Today, the Bank of England’s (BOE) starts its two-day meeting, which will culminate in tomorrow’s decision on interest rates.
The meeting comes at an interesting period for the global financial markets. As you already know, global markets have seen significant swings in the past two days. These swings have wiped out most gains they had established in the first month.
The market turbulence started on Friday when the Bureau of Labor Statistics (BLS) announced the January’s jobs numbers, which beat expectations. After this release, global investors started thinking again about the chances of high inflation which would trigger an increased pace of rate increases.
Therefore, today’s meeting comes at a very different time compared to the previous meeting when everything seemed normal.
For this meeting, investors expect the bank to leave interest rates unchanged at 0.50%. Therefore, tomorrow, traders will not focus on the headline numbers.

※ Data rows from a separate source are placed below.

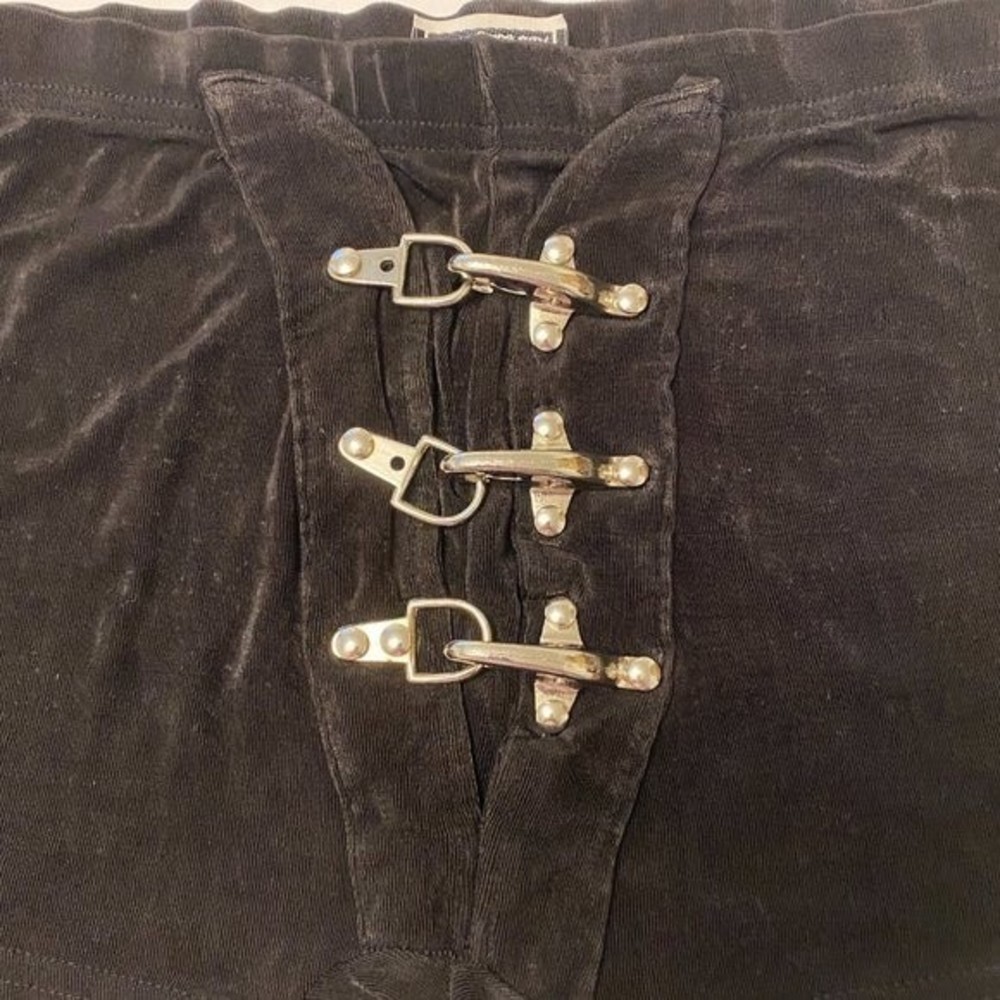 Elee Los Angeles Men's meshish type material shorts, stretchy - Picture 2 of 5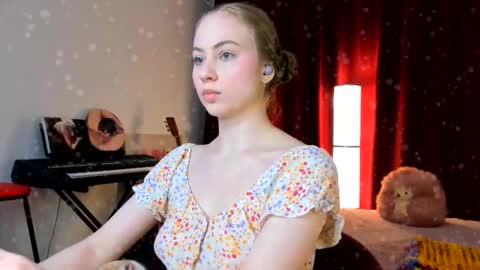 Ally    STREAMING ON TWITCH NOW Check my Twitter for updates online show from 01/17/26, 09:07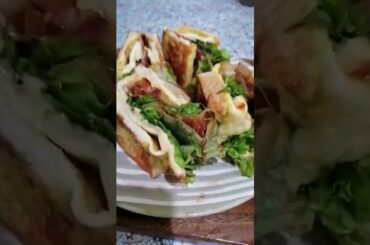 Catalina's Kitchen 1 Minute Recipe #75 French Toast ~Bacon, Egg & Cheese Sandwich! #shorts #bestfood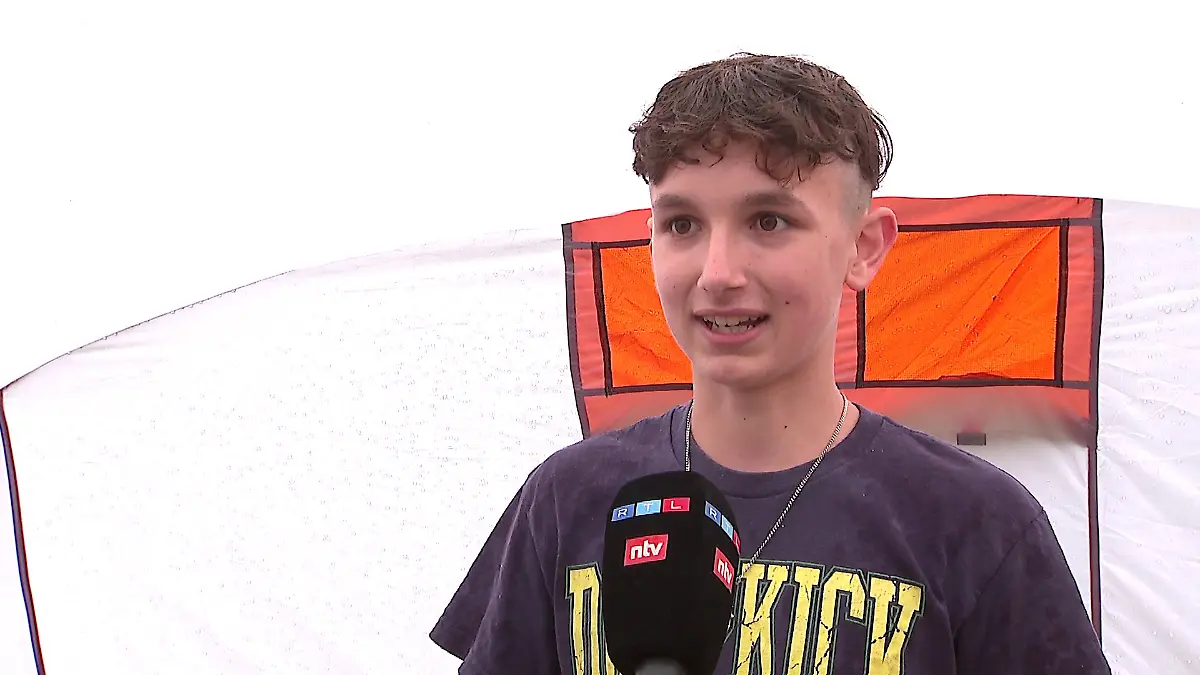 Junge Luftmatratze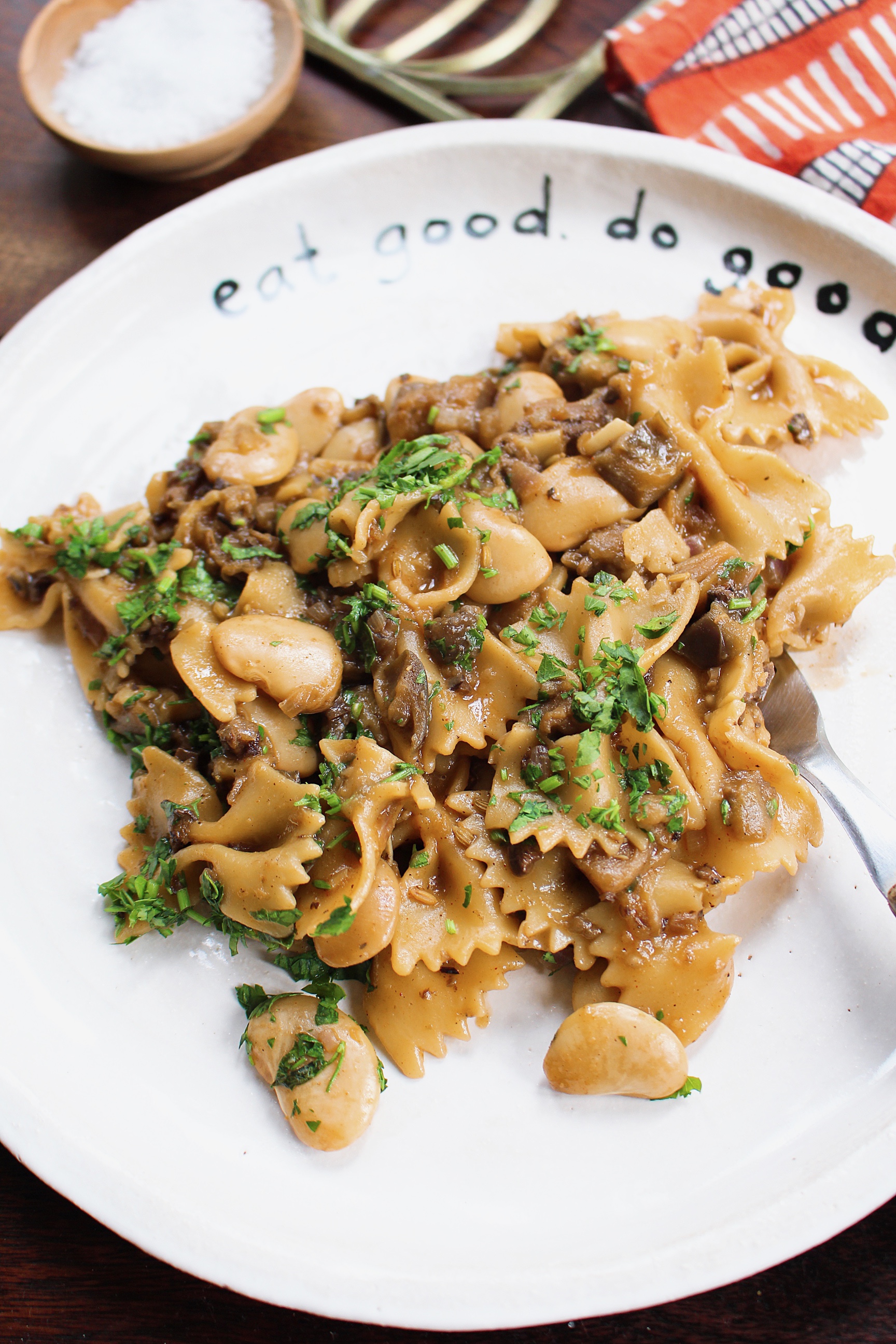 One pan Aubergine & Butter Bean Ragu Pasta Oddbox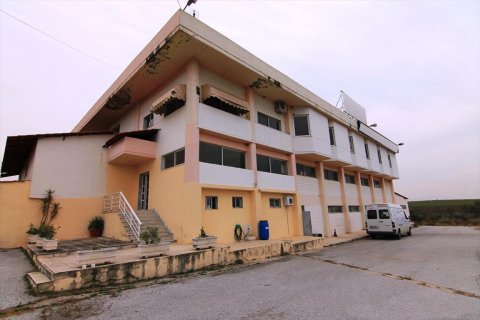 1450m² Commercial property en Oraiokastro, Greece No. 59322 2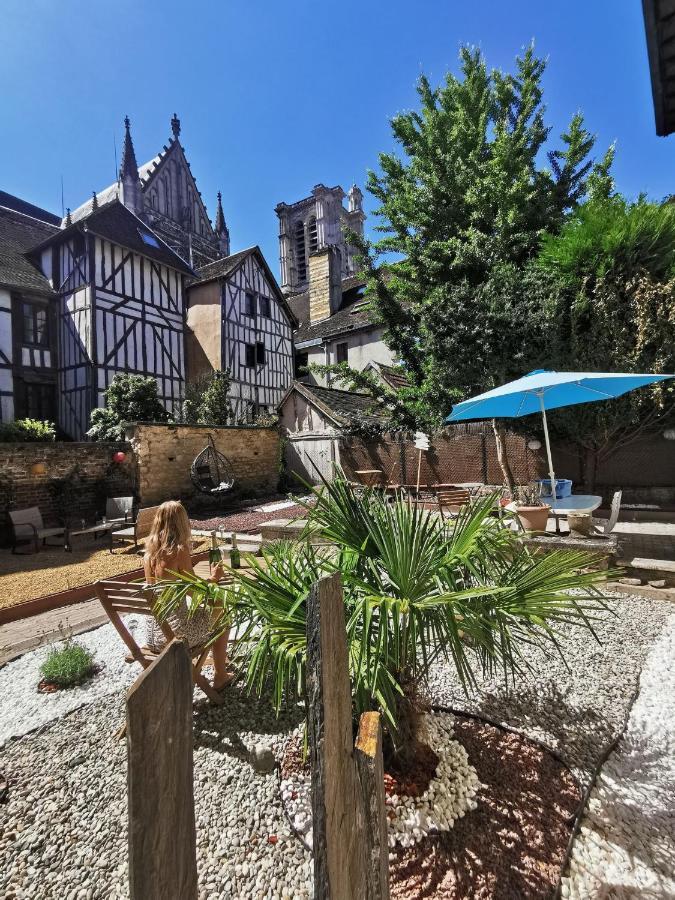 Les Cieux De La Cathedrale - Calme - Jardin - Wifi Apartment ทรัวส์ ภายนอก รูปภาพ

Instead, they will focus on two things. First, they will focus on the letter from Governor Carney to Philip Hammond explaining the current rate of inflation. As you recall, the rate of inflation in December soared to 3.1%, triggering the letter-writing scenario. In January, the inflation rate dropped marginally to 3.0%.
Second, they will focus on the statement from the MPC. This statement will help them decide on the expected pace of rate increases.
In the recent past, despite the increasing market volatility, traders have placed a 50% chance that the BoE will hike interest rates in May. They have also priced in two more rate hikes, possibly in September and in December.
The problem for this is that sky-high expectations often lead to disappointments.As you recall, in the November meeting, the BoE raised interest rates for the first time. While traders were pleased with the headline number, they were disappointed that the officials omitted language they had used previously saying the markets were underpricing the rate trajectory. At the end, the pound fell by more than 14 bps while the 10-year gilt yields fell by 8 bps. This was the biggest drop since the rate cut in 2016.